I can say confidently that almost all of these bugs are caused by poor interface design or poor locking granularity. But I also feel that a well-designed thread-safe interface is extremely difficult to achieve.

Always Chasing The Perfect Granularity

To have a thread-safe interface, it requires far more than just putting a lock on every member function. Consider a supposedly thread-safe queue below, is this class really useful in a multi-threaded environment?

// thread-safe queue that has a scoped_lock guarding every member function
template <typename T>
class ts_queue()
{
public:
	T& front();
	void push_front(T const &);
	void pop_front();
	bool empty() const;
};

Unfortunately no. Here’s a simple code below where it falls apart. Say f() is called by multiple threads, if the the empty() check returns false, there is no guarantee that front() and pop_front() will succeed.

Even if front() succeeds, there is no guarantee that pop_front() will succeed. The ts_queue class interface is subject to race condition, and there is nothing you can do about it without an interface change.

//f may be called by multiple threads
void f(ts_queue<int> const &tsq)
{
	if(tsq.empty() == false)
	{
		int i = tsq.front(); // this might fail even if empty() was false
		tsq.pop_front(); // this might fail even if front() succeed
	}
}

The problem is that mutexes are not composable. You can’t just call a thread-safe function one after another to achieve thread-safety. In the ts_queue example, the interface granularity is too small to perform the task required by f().

On the other hand, it would be easy to use some global mutex to lock down the entire ts_queue class.

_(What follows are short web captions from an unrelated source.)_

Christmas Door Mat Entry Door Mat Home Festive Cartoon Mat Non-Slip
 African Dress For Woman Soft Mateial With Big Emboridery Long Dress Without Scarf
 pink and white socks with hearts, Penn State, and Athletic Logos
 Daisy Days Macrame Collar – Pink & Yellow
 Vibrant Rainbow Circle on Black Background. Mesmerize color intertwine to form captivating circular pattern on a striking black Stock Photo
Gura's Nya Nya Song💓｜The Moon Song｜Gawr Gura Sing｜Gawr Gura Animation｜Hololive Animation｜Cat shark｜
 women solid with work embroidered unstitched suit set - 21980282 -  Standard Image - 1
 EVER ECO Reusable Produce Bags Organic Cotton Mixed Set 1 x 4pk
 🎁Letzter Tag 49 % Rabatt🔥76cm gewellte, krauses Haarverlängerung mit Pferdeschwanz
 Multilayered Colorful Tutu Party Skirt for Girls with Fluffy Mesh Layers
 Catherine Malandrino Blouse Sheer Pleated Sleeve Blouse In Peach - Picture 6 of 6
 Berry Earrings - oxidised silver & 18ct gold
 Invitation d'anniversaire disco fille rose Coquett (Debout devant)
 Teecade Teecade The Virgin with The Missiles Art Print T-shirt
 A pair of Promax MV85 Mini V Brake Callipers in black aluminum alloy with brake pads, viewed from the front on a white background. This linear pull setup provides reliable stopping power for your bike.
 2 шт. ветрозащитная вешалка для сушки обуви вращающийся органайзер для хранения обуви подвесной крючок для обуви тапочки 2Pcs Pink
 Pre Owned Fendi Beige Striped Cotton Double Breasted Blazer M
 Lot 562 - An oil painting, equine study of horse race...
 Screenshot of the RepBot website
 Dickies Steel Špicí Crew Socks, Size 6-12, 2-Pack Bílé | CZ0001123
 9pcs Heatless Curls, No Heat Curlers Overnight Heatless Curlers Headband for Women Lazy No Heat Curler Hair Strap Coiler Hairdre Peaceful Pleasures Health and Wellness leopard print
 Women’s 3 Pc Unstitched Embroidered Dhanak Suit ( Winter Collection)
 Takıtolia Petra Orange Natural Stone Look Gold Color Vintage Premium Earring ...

But when the granularity is too large, you lose performance by excessive locking. In that case, the multi-core processors will never be fully utilized.

Some programmers try to solve it by exposing the internal mutex to the interface, and pun the granularity problem to their users. But if the designers can’t solve the problem, is it fair to expect their users to be able to solve it? Also, do you really want to expose concurrency?

So in the process of designing a thread-safe class, I feel that I am spending majority of the time chasing the perfect granularity.

Full of Guidelines

In addition to the problem of granularity, you need to follow many guidelines to maintain a well designed thread-safe interface.

  • You can’t pass reference/pointers of member variables out to external interface, whether it is through return value, or through an out parameter. Anytime a member variable is passed to an external interface, it could be cached and therefore lose the mutex protection.
  • You can’t pass reference/pointers member variables into functions that you don’t control. The reason is same as before, except this is far more tricky to achieve.
  • You can’t call any unknown code while holding onto a lock. That includes library functions, plug-ins, callbacks, virtual functions, and more.
  • You must always remember to lock mutexes in a fixed order to avoid the ABBA deadlocks.
  • There are more…

And if you are programming in C++, you need to watch out for all of the above while wrestling with the most engineered programming language in the world. 🙂

Final Thoughts

Locks and mutexes are just too complex for mortals to master.

And until C++0x defines a memory model for C++, lock-free programming is not even worth trying.

I will stop complaining now.

Spin-Wait vs. Condition Variable

Recently at work, I ran into an interesting threading problem.

I have two threads – A and B, running concurrently. Thread A needs a piece of data from Thread B. Normally, Thread B would just pass a message to Thread A. But in this scenario, every millisecond counts. Thread A needs the data A.S.A.P!

In theory, Thread B should have the result within couple milliseconds. Since the wait is so short, the synchronous approach is feasible. I would block Thread A until Thread B gets the data. But should I use a condition varialbe, or should I just spin-wait (assuming that I have a multi-core processor)?

This is very much a real life threading problem that even expert programmer encounters. (And I am no expert. :???:)

Speed Comparison

I expect spin-wait to have lower latency than condition variable. But by how much?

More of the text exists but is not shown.